The bill prevents surveillance-driven, individualized grocery price discrimination and increases transparency and enforceability for consumers, but it imposes compliance costs, limits targeted pricing practices, and raises litigation risk and regulatory uncertainty for businesses.
Grocery shoppers—especially low-income consumers—are protected from individualized, surveillance-driven price increases on food and grocery purchases.
Members of broadly defined groups (e.g., teachers, veterans, seniors, students) can continue to receive publicly disclosed group discounts without being subjected to individualized profiling.
Consumers gain transparency and correction rights because businesses must publish procedures, disclose what data is used, and provide a 180-day process to correct or challenge data before starting covered pricing programs.
Retailers and food sellers (including small businesses) must implement new procedures, data-accuracy systems, and dispute mechanisms, imposing compliance costs that could be passed through to consumers.
Businesses that rely on targeted pricing, advertising, or profiling for marketing covered goods must stop those practices, reducing marketing efficiency and potential revenues for retailers and platforms.
Extending enforcement reach (e.g., FTC authority over common carriers and nonprofits) brings more entities under regulation, creating legal uncertainty and increased litigation risk for utilities, carriers, and nonprofit actors.
Based on analysis of 2 sections of legislative text.

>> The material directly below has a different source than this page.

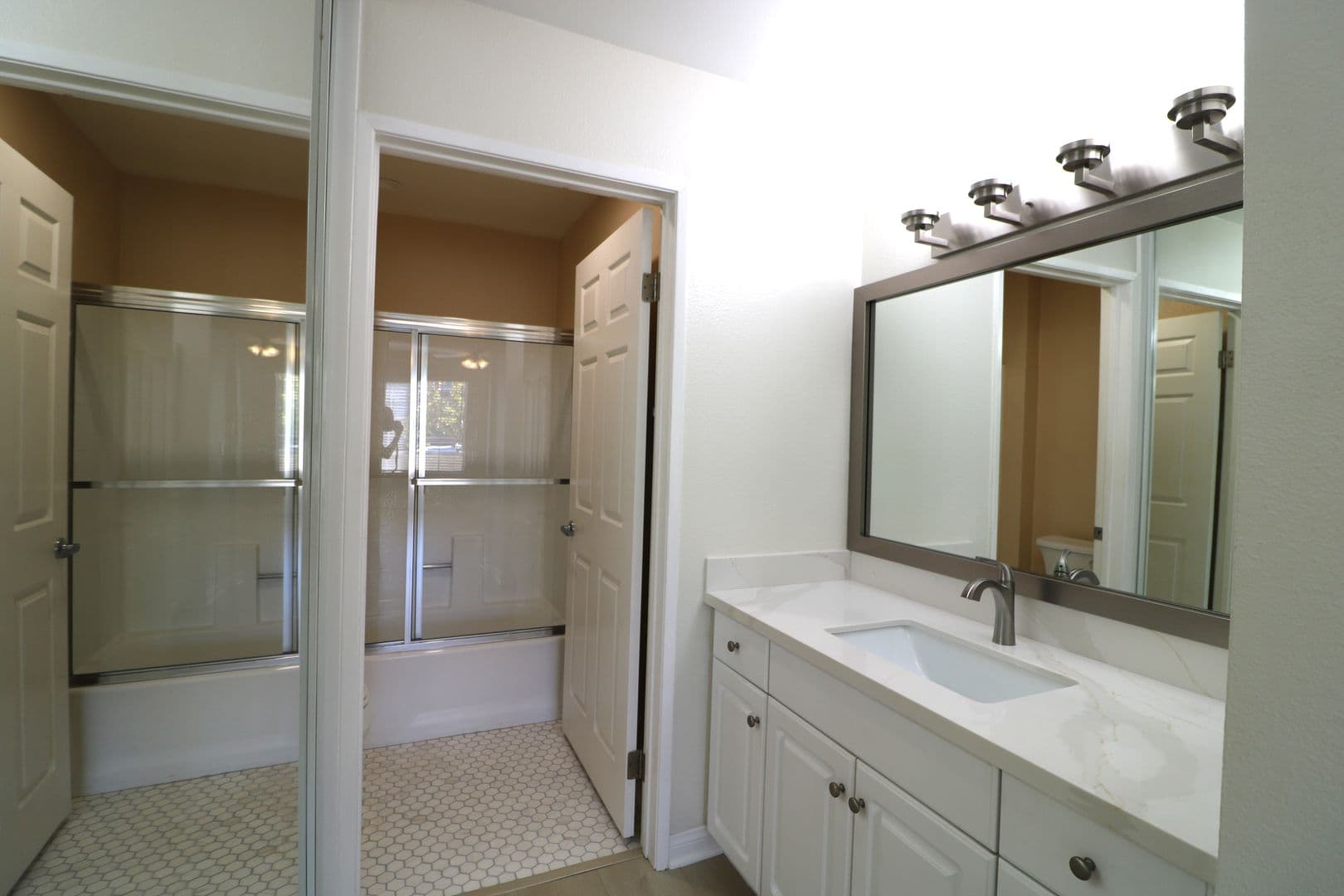 Woodland Hills Condo: 5545 Canoga Ave Unit 106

Bans surveillance-based individualized price setting for food and groceries, allows narrow, disclosed exceptions, and requires FTC enforcement and pre-operation disclosures.
Introduced April 9, 2026 by Chris Pappas · Last progress April 9, 2026
Prohibits using surveillance-based individualized price setting for food, groceries, and agricultural commodities, while allowing narrow, clearly disclosed exceptions (cost-based differences, broadly available group discounts, and consumer-enrolled loyalty programs) so long as surveillance data is used only to offer or administer discounts and not to target or profile. Requires businesses that plan to use the permitted practices to publish procedures at least 180 days before starting that ensure data accuracy, let consumers correct or challenge data, and disclose what data and automated decision-making affect pricing; enforcement is by the Federal Trade Commission, including extension to common carriers under the Communications Act.